The Fuji for example is almost useless (in these situations) as the focusing system is not suited to moving subjects. I don’t think that anyone would argue with this. Additionally there are no telephoto lenses available at the moment, the current longest focal length being 60mm (35-EFOV = 90mm). Fuji has created some kick-ass glass and I will miss the opportunity to learn more about the camera in the future.

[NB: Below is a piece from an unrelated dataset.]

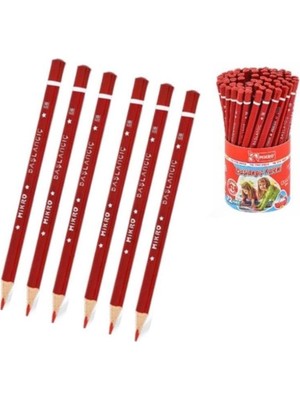 Kırmızı Jumbo Üçgen Ilk Kalemim Mikro Kırmızı Kalın Kurşun Kalem Başlagıç 6 Adet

The Sony-NEX whilst having a better focusing system still isn’t up to par for this type of photography either. Sony has two telephoto lenses available; the 18-200mm which has a 35-EFOV of 300mm maximum and the 55-210mm which has a 35-EFOV of 315mm maximum. Both of these lenses are very slow at the long ends with apertures of f6.3 and this coupled with the NEX’s focusing system is where the problems lie when trying to focus on a subject that is moving. The remaining problem for the NEX system is that these two lenses are not great (optically) at their extreme focal lengths and when combined with the unforgiving sensor on the NEX-7 results in poor image quality. I have already discussed some of the other problems with the NEX system in my Fuji X-Pro1 post here.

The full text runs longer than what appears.